## Exercise
Give the entries again in full. Nothing may be altered.

## Listed records
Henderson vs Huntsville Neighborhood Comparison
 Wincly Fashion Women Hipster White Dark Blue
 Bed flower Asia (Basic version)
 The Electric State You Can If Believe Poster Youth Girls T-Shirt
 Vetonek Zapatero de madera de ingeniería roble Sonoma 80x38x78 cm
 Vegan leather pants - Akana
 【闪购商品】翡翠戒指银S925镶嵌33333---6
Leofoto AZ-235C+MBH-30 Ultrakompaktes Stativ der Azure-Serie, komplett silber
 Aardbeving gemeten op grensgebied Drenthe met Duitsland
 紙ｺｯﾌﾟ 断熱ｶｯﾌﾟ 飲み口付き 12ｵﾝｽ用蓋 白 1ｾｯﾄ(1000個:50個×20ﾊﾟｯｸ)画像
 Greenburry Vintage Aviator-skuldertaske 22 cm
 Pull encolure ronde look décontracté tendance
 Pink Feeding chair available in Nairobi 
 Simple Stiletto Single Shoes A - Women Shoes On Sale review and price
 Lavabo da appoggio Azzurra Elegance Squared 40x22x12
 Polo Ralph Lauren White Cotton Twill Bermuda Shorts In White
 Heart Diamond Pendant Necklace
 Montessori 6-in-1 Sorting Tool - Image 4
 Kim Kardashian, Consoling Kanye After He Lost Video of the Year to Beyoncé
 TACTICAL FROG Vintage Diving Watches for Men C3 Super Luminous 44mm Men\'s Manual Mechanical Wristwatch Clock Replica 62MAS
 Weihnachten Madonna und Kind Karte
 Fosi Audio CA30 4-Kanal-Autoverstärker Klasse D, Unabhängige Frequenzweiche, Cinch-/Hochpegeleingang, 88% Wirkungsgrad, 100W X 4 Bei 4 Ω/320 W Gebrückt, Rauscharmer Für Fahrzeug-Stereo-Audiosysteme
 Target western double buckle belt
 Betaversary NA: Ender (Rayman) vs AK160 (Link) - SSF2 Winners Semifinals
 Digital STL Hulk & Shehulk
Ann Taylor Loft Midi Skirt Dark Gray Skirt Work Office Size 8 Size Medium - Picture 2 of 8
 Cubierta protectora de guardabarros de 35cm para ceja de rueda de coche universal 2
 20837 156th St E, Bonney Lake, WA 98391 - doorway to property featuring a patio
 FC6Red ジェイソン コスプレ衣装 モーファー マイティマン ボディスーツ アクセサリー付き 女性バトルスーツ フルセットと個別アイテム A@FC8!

## Written answer
Henderson vs Huntsville Neighborhood Comparison
 Wincly Fashion Women Hipster White Dark Blue
 Bed flower Asia (Basic version)
 The Electric State You Can If Believe Poster Youth Girls T-Shirt
 Vetonek Zapatero de madera de ingeniería roble Sonoma 80x38x78 cm
 Vegan leather pants - Akana
 【闪购商品】翡翠戒指银S925镶嵌33333---6
Leofoto AZ-235C+MBH-30 Ultrakompaktes Stativ der Azure-Serie, komplett silber
 Aardbeving gemeten op grensgebied Drenthe met Duitsland
 紙ｺｯﾌﾟ 断熱ｶｯﾌﾟ 飲み口付き 12ｵﾝｽ用蓋 白 1ｾｯﾄ(1000個:50個×20ﾊﾟｯｸ)画像
 Greenburry Vintage Aviator-skuldertaske 22 cm
 Pull encolure ronde look décontracté tendance
 Pink Feeding chair available in Nairobi 
 Simple Stiletto Single Shoes A - Women Shoes On Sale review and price
 Lavabo da appoggio Azzurra Elegance Squared 40x22x12
 Polo Ralph Lauren White Cotton Twill Bermuda Shorts In White
 Heart Diamond Pendant Necklace
 Montessori 6-in-1 Sorting Tool - Image 4
 Kim Kardashian, Consoling Kanye After He Lost Video of the Year to Beyoncé
 TACTICAL FROG Vintage Diving Watches for Men C3 Super Luminous 44mm Men\'s Manual Mechanical Wristwatch Clock Replica 62MAS
 Weihnachten Madonna und Kind Karte
 Fosi Audio CA30 4-Kanal-Autoverstärker Klasse D, Unabhängige Frequenzweiche, Cinch-/Hochpegeleingang, 88% Wirkungsgrad, 100W X 4 Bei 4 Ω/320 W Gebrückt, Rauscharmer Für Fahrzeug-Stereo-Audiosysteme
 Target western double buckle belt
 Betaversary NA: Ender (Rayman) vs AK160 (Link) - SSF2 Winners Semifinals
 Digital STL Hulk & Shehulk
Ann Taylor Loft Midi Skirt Dark Gray Skirt Work Office Size 8 Size Medium - Picture 2 of 8
 Cubierta protectora de guardabarros de 35cm para ceja de rueda de coche universal 2
 20837 156th St E, Bonney Lake, WA 98391 - doorway to property featuring a patio
 FC6Red ジェイソン コスプレ衣装 モーファー マイティマン ボディスーツ アクセサリー付き 女性バトルスーツ フルセットと個別アイテム A@FC8!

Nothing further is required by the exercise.